I accept that Moore’s promotion to sergeant was already under way before we raised our objection, i.e. it was not done “corruptly.” However any whistleblower would wonder what chance Moore would have had of the promotion proceeding if he’d found evidence incriminating police and had insisted on proceeding with it.
What they didn’t want
1. There would not have been an inquest into Gary’s death without WBA’s and media intervention. Local Coroner Lenarduzzi indicated he did not intend to hold one, although Gary had been telling WBA and others for a year before his death that his life was being threatened, and had said that if he were found dead it would not be suicide. The autopsy, done in Canberra by a visiting pathologist from Melbourne, in our opinion nowhere near thoroughly enough for such a case, and which according to normal guidelines for a suspicious death should have been done at the expert forensic centre in Glebe, failed to find the cause of death.
2. Without WBA’s intervention, witnesses called for the inquest would not have included anyone with a favourable opinion of Gary. “Character assassins” called to give evidence included men who’d been rivals for some woman’s affections ten or more years before. His mother however would not have been called. She is in her eighties, and too physically frail to make the journey from Melbourne to Queanbeyan, but was repeatedly misrepresented at the bar table as not wanting to give evidence. Then when she made her wish to give evidence clear by writing directly to the coroner, there were claims that she was mentally impaired following a stroke. An important item of her evidence, given by phone link-up in the last week of the inquest, unshaken in cross-examination, but not mentioned by counsel assisting the coroner in his final submission, or the Coroner’s decision, was that she had spoken to a male officer at Queanbeyan police station who identified himself as “John Moore” in June 2002, three months before Gary’s death, who said there was indeed a contract on Gary’s life, and they knew who it was, “someone in Sydney.” John Moore, the officer in charge of the NSW police investigation into Gary’s death, denied any prior knowledge of Gary, although Gary had been reporting to Queanbeyan police station twice a week for two years as a condition of his bail.

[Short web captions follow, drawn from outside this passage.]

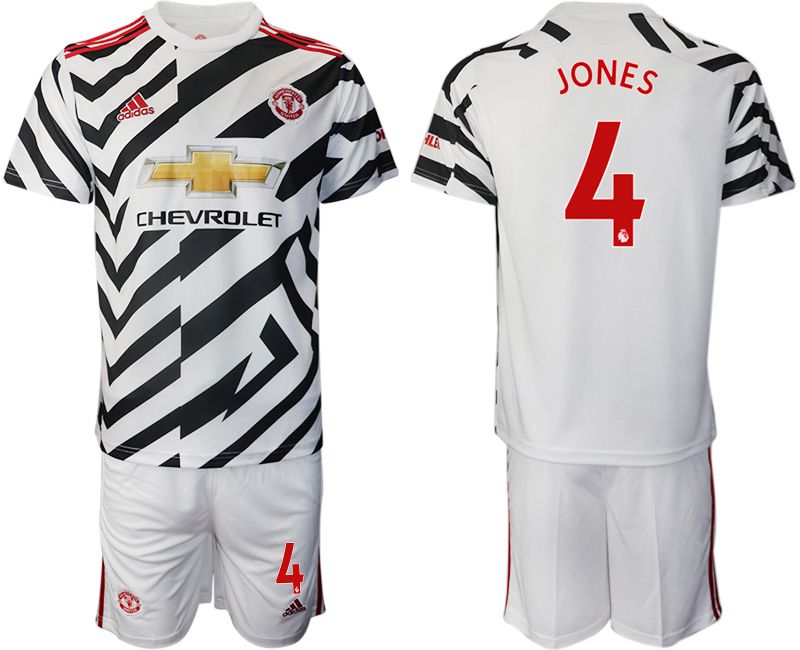 Men 2020-2021 club Manchester united away 4 white Soccer Jerseys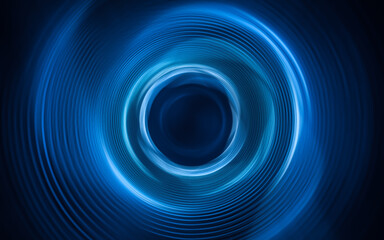 Poster - Flowing wave lines, curve pattern, 3d rendering.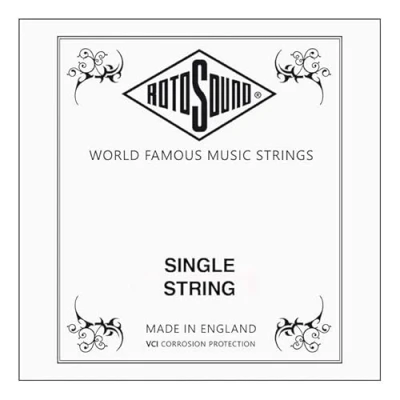 Image of Rotosound strings for electric bass JAZZ 77 MONEL FLATWOUND single string HIGH C FLATW JBL035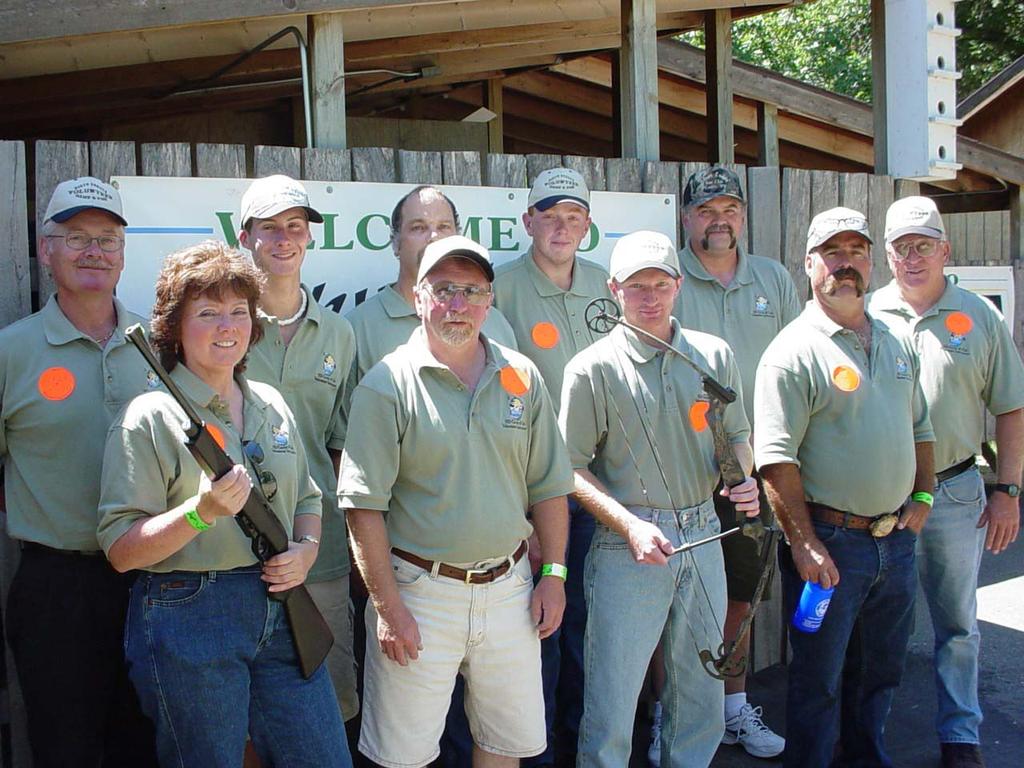 Some of the Volunteers for the 2006 Pathways to Hunting These are some of the 2006 Pathways to Hunting Instructors which volunteered to help at the ND State Fair in Minot in July 2006.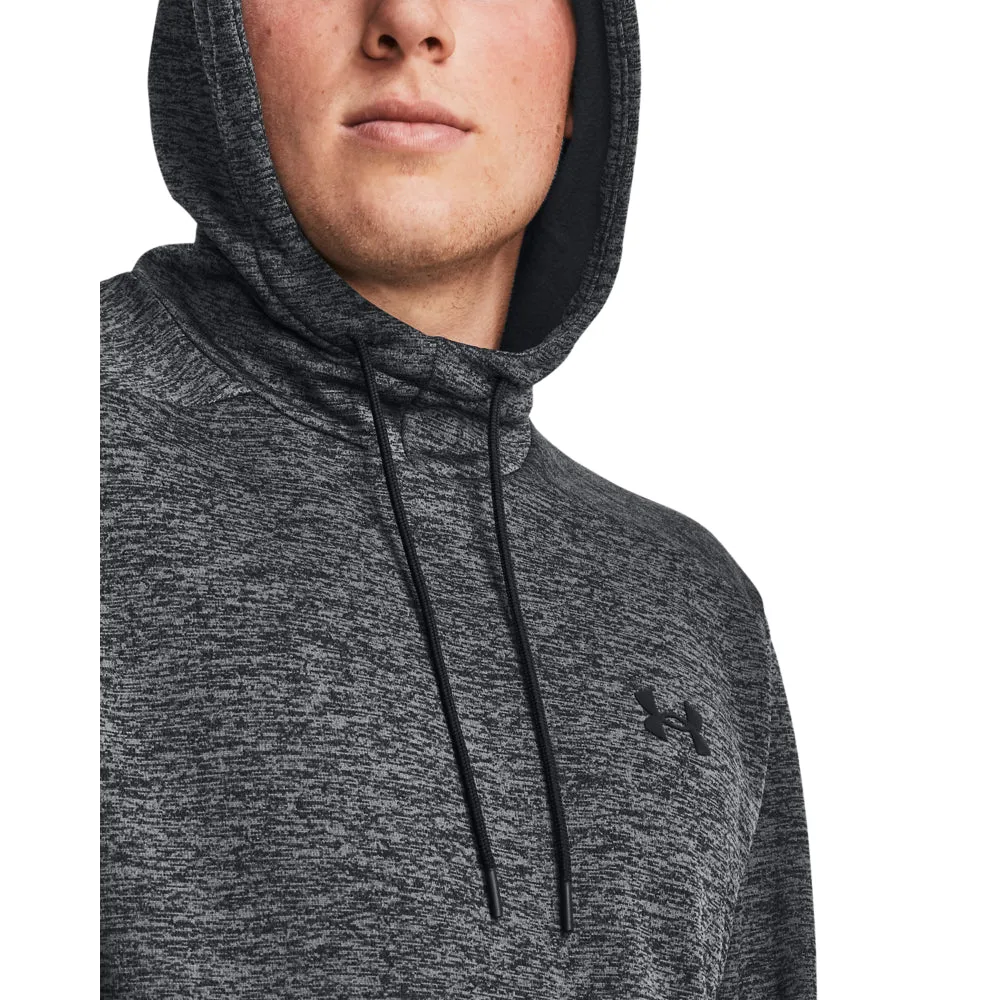 'Under Armour' Men's Armour Fleece Twist Hoodie - Black / Black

3. This piece can only scratch the surface of the nearly 2 cubic metres of documents produced so far in this case. Our 39-page submission to the inquest has a lot more detail, but at the insistence of various other members of the bar-table, has been suppressed, together with the two submissions written by them in reply, because “Their unsubstantiated allegations, their wild accusations that they have presented to me in the submission are not in anyone’s interest.” This criticism could hardly be sustained if anyone with an open mind were allowed to read it; but as the suppression order stands, they can’t. Quite a neat trick when you think about it, accusing us of writing something so bad that no-one can be allowed to read it to see if the accusation is true.
So for more details you’ll have to wait for Debbie’s book — Gary Lee- Rogers is dead — and the film.
Note: All quotations in italics are taken directly from the court tran- scripts. Precise references available on request.